**INSTRUCTIONS FOR THE TASK**
Of the records below, reproduce only the span that opens with the line containing "Obývací stěna TOKYO" and closes with the last line.

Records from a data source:
[Start of Attachment]

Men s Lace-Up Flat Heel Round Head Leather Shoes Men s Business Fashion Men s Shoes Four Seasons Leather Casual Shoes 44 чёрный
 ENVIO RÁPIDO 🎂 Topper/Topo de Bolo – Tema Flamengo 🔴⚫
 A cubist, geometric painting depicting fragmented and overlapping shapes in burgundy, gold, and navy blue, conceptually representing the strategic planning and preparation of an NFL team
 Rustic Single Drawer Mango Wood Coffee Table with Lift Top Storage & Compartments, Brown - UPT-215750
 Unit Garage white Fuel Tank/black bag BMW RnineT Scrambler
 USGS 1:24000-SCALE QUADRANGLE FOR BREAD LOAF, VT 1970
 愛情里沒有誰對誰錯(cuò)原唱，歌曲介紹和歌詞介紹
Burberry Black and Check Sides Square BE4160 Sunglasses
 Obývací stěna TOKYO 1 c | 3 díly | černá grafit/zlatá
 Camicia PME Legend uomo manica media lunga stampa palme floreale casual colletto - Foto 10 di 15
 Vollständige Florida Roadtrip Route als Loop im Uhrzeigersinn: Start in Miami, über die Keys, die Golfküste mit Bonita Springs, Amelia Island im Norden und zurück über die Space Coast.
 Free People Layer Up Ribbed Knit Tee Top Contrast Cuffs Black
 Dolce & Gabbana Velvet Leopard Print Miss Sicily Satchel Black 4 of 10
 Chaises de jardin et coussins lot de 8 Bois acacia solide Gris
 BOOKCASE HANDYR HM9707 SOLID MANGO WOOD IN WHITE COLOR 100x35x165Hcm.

[End of Attachment]

**SOLUTION TO THE PROBLEM**
 Obývací stěna TOKYO 1 c | 3 díly | černá grafit/zlatá
 Camicia PME Legend uomo manica media lunga stampa palme floreale casual colletto - Foto 10 di 15
 Vollständige Florida Roadtrip Route als Loop im Uhrzeigersinn: Start in Miami, über die Keys, die Golfküste mit Bonita Springs, Amelia Island im Norden und zurück über die Space Coast.
 Free People Layer Up Ribbed Knit Tee Top Contrast Cuffs Black
 Dolce & Gabbana Velvet Leopard Print Miss Sicily Satchel Black 4 of 10
 Chaises de jardin et coussins lot de 8 Bois acacia solide Gris
 BOOKCASE HANDYR HM9707 SOLID MANGO WOOD IN WHITE COLOR 100x35x165Hcm.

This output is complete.